(The data)

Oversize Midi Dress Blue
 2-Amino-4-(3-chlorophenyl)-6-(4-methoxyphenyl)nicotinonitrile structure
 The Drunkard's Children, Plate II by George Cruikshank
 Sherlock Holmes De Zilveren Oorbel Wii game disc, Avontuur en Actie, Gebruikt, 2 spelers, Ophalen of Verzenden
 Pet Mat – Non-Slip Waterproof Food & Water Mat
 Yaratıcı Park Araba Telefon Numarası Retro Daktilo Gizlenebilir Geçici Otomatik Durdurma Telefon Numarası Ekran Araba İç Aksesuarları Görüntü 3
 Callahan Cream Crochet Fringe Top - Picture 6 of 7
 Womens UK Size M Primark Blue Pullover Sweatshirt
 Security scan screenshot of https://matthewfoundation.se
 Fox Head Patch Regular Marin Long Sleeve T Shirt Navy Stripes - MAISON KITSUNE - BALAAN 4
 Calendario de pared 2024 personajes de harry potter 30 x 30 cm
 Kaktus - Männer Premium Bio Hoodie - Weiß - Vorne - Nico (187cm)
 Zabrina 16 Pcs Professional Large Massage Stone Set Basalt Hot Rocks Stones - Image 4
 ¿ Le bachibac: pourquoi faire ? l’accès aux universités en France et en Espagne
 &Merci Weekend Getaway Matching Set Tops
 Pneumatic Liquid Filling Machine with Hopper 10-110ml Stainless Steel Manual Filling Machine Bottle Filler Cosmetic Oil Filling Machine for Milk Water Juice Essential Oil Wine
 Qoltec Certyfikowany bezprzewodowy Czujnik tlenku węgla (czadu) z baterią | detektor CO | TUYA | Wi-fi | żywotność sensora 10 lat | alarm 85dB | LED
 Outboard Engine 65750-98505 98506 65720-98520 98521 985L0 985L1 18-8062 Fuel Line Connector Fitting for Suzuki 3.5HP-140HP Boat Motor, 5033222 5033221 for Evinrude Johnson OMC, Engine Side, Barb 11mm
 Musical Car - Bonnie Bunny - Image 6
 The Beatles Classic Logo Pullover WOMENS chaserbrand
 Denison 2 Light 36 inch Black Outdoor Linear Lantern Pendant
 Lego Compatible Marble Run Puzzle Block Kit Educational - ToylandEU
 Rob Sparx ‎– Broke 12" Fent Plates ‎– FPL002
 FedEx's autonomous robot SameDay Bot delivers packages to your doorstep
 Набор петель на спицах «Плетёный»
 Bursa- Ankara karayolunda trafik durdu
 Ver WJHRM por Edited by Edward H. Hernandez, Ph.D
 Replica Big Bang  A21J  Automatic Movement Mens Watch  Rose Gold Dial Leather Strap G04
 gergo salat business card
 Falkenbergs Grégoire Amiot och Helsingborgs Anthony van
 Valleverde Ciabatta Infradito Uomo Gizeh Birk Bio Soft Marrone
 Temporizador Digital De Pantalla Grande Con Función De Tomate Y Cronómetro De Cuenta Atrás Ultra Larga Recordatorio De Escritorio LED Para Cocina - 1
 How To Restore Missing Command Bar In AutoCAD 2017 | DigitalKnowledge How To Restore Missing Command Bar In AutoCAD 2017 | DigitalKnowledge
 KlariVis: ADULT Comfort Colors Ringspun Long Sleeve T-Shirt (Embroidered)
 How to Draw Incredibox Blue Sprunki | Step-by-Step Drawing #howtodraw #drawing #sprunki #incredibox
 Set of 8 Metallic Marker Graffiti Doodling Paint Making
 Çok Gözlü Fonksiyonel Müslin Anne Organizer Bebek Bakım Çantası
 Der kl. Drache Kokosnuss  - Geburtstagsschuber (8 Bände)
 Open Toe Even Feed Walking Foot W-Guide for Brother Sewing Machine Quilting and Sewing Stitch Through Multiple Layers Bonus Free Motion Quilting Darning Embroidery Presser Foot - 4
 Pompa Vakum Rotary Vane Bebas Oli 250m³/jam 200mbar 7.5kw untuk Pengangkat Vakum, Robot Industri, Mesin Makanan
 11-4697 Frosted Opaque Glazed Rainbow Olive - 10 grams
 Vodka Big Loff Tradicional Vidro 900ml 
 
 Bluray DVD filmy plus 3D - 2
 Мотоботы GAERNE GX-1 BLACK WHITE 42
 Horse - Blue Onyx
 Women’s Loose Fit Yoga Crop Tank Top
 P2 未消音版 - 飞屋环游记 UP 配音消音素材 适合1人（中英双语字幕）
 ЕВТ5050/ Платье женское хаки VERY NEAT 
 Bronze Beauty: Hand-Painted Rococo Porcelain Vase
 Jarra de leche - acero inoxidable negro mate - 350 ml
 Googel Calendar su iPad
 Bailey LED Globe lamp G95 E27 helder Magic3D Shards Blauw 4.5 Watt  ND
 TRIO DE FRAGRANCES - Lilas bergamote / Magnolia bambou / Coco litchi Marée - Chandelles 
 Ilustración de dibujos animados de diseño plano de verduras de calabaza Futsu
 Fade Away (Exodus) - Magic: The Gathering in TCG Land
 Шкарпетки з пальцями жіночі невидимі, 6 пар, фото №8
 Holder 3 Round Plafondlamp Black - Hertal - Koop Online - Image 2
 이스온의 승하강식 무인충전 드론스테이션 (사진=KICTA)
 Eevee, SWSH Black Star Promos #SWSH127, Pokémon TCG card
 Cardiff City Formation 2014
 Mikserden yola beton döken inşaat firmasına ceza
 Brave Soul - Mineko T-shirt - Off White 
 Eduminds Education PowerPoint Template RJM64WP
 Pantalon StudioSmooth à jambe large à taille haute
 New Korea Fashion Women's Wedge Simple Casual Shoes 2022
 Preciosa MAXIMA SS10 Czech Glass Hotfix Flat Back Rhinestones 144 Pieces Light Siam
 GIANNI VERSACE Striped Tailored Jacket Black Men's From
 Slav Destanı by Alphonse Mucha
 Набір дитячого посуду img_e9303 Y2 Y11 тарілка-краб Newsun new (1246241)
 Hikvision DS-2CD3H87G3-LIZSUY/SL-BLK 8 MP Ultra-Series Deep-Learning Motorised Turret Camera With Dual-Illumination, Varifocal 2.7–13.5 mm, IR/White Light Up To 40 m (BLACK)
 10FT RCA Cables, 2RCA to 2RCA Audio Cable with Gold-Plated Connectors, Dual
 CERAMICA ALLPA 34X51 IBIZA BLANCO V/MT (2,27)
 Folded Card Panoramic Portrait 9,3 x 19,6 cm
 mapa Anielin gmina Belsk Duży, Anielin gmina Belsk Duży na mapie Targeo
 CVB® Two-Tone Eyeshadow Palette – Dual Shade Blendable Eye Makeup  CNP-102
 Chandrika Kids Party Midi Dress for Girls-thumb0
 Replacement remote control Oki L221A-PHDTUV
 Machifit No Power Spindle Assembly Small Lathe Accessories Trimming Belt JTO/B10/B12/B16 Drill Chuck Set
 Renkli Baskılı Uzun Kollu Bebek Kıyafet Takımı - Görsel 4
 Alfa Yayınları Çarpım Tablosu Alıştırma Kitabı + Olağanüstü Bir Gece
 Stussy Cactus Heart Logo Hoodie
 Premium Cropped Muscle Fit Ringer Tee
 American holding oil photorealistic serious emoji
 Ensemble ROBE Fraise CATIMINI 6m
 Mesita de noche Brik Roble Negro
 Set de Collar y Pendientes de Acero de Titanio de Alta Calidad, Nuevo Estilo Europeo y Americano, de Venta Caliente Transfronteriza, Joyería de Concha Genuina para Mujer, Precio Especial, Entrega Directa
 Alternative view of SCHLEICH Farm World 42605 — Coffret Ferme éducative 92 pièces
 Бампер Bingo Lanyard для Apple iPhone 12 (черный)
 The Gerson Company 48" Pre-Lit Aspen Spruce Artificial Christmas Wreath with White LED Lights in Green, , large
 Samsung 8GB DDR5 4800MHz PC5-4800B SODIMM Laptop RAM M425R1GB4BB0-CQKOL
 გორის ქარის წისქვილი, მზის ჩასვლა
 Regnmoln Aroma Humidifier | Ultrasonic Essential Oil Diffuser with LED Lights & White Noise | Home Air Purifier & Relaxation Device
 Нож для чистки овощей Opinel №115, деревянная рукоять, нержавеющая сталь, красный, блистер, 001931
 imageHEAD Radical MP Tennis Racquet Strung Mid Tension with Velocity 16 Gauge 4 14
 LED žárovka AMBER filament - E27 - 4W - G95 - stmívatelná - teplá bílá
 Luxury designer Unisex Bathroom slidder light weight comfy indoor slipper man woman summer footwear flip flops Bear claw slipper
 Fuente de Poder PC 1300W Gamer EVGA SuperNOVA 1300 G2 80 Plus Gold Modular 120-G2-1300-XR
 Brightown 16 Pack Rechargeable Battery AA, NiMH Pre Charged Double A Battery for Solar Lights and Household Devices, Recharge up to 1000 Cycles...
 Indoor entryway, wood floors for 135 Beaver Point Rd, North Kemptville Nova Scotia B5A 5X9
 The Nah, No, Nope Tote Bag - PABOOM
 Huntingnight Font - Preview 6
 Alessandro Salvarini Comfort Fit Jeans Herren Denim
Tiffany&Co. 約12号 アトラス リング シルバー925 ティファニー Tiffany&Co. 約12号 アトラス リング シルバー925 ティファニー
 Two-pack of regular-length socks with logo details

(End The data)

Work required >> When you reach the line containing "et en Espagne" in the data above, start copying exactly, and stop after the line containing "Falkenbergs Grégoire Amiot".

Result of the exercise >>
 ¿ Le bachibac: pourquoi faire ? l’accès aux universités en France et en Espagne
 &Merci Weekend Getaway Matching Set Tops
 Pneumatic Liquid Filling Machine with Hopper 10-110ml Stainless Steel Manual Filling Machine Bottle Filler Cosmetic Oil Filling Machine for Milk Water Juice Essential Oil Wine
 Qoltec Certyfikowany bezprzewodowy Czujnik tlenku węgla (czadu) z baterią | detektor CO | TUYA | Wi-fi | żywotność sensora 10 lat | alarm 85dB | LED
 Outboard Engine 65750-98505 98506 65720-98520 98521 985L0 985L1 18-8062 Fuel Line Connector Fitting for Suzuki 3.5HP-140HP Boat Motor, 5033222 5033221 for Evinrude Johnson OMC, Engine Side, Barb 11mm
 Musical Car - Bonnie Bunny - Image 6
 The Beatles Classic Logo Pullover WOMENS chaserbrand
 Denison 2 Light 36 inch Black Outdoor Linear Lantern Pendant
 Lego Compatible Marble Run Puzzle Block Kit Educational - ToylandEU
 Rob Sparx ‎– Broke 12" Fent Plates ‎– FPL002
 FedEx's autonomous robot SameDay Bot delivers packages to your doorstep
 Набор петель на спицах «Плетёный»
 Bursa- Ankara karayolunda trafik durdu
 Ver WJHRM por Edited by Edward H. Hernandez, Ph.D
 Replica Big Bang  A21J  Automatic Movement Mens Watch  Rose Gold Dial Leather Strap G04
 gergo salat business card
 Falkenbergs Grégoire Amiot och Helsingborgs Anthony van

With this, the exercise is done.